Figure 18 compares history matches and the forecasts of the oil production rate (WOPR) in three wells based on one training image and multiple training images. The use of multiple training images reduced the uncertainty in wells P12 and P5, but in well P1 the uncertainty (P10–P90 range) increased. This can be due to a local connectivity effect of the facies distribution around well P1.

4 Conclusions

The paper presents a workflow to integrate multiple geological scenarios into uncertainty quantification of reservoir forecasts. The workflow demonstrates how reservoir models based on multiple training images can be updated through history matching while also ensuring that the resulting history-matched models are geologically realistic and consistent with a priori geological knowledge. Uncertainty quantification based on multiple training images demonstrated that adaptive stochastic sampling is capable of providing a close match to the observed production whilst maintaining geologically realistic model parameter relationships for a range of geological scenarios.

Automated history matching with geologically realistic priors for MPS parameterisation was applied to a meandering fluvial section of the synthetic full-field Stanford VI reservoir case study.

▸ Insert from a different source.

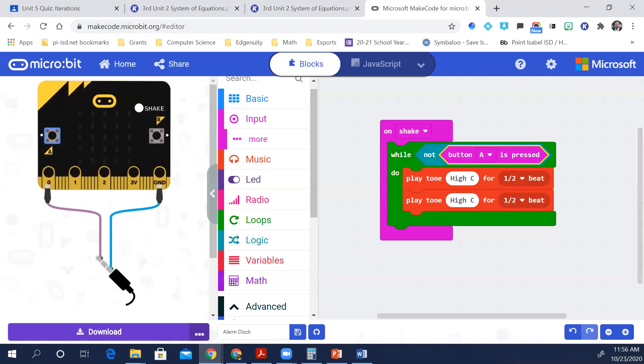So that was the third activity on the workbook.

Application of the proposed workflow was able to identify regions of good-fitting models, which correspond to the more than one training image used. The outcomes of history matching with multiple training images were compared with those from a single training image. This comparison showed that use of multiple training images in history matching results in an ensemble of better-matched models as well as more robust uncertainty quantification. This methodology can be seen as a way to include the widest variety of different geological interpretations available into history matching to better capture all the subsurface uncertainties.